[[ Data under study open ]]

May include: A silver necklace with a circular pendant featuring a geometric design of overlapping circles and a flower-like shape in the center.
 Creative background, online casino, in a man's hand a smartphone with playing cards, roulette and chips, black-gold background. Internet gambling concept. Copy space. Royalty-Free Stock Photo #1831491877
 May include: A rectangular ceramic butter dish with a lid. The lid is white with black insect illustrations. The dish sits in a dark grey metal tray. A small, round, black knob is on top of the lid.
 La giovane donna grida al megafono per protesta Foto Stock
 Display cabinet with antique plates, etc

[[ Data under study closed ]]
[[ Data under study open ]]

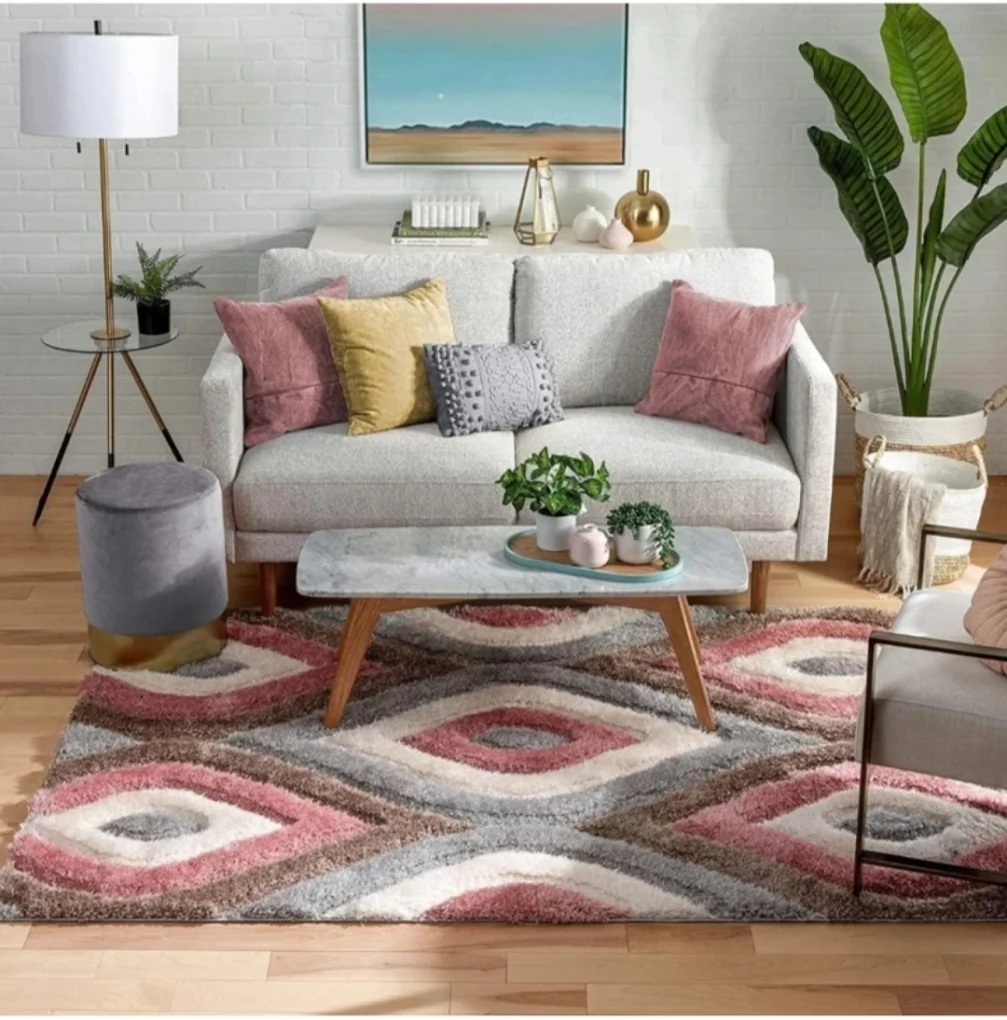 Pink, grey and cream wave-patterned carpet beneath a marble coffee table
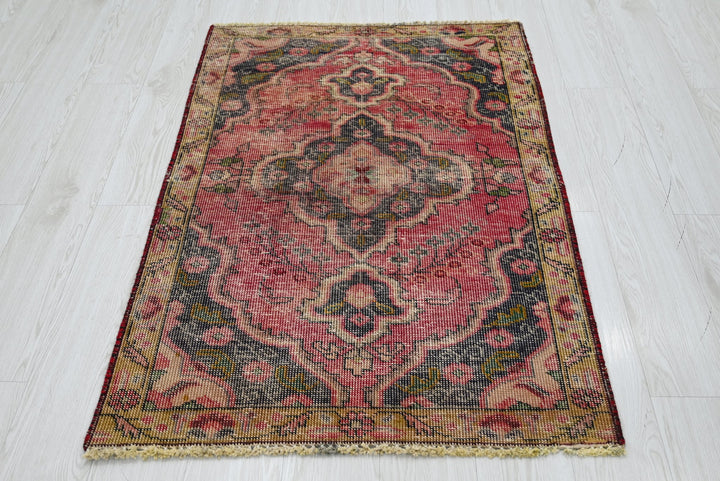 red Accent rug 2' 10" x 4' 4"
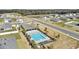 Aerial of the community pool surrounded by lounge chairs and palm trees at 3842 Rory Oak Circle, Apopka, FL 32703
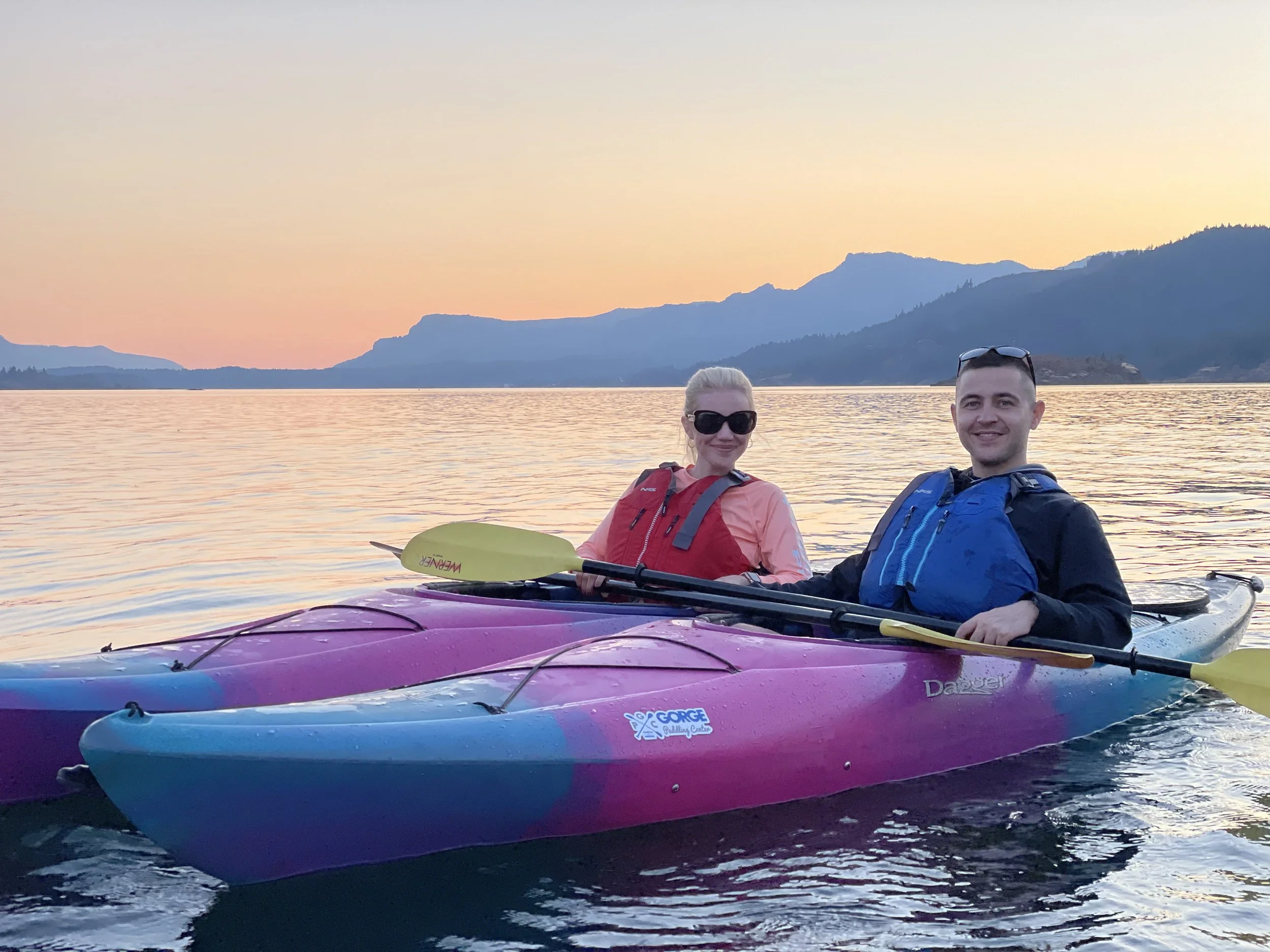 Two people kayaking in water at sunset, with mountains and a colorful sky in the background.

[[ Data under study closed ]]
[[ Data under study open ]]

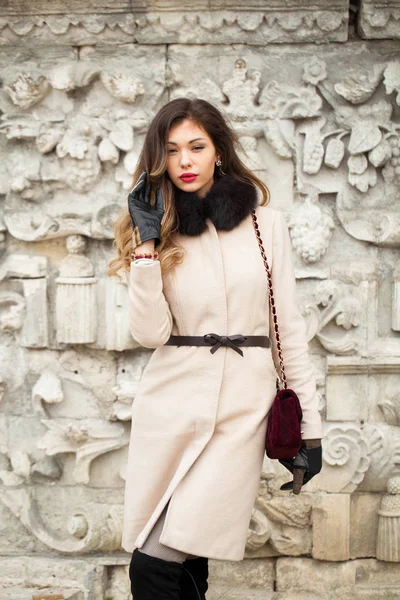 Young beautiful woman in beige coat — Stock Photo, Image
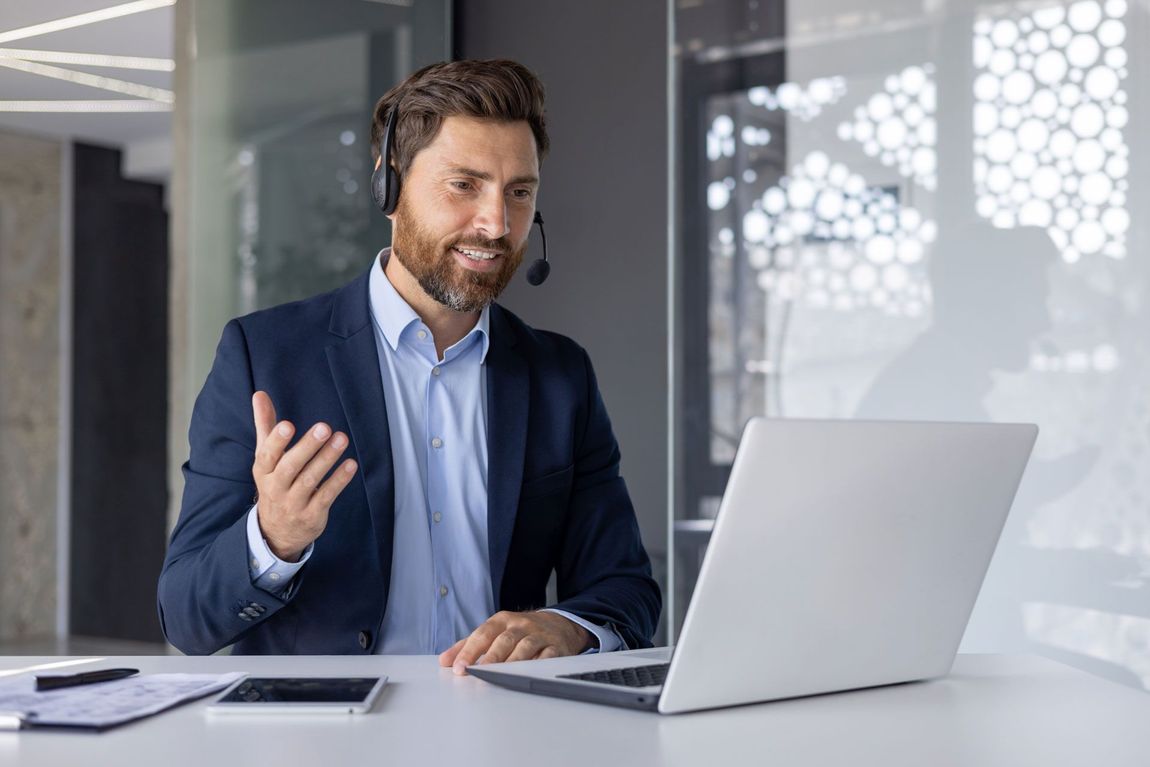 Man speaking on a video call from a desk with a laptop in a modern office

[[ Data under study closed ]]

**Task statement:** Check each line of the entries above, and show every one holding the word "include".

**Exercise response:**
May include: A silver necklace with a circular pendant featuring a geometric design of overlapping circles and a flower-like shape in the center.
 May include: A rectangular ceramic butter dish with a lid. The lid is white with black insect illustrations. The dish sits in a dark grey metal tray. A small, round, black knob is on top of the lid.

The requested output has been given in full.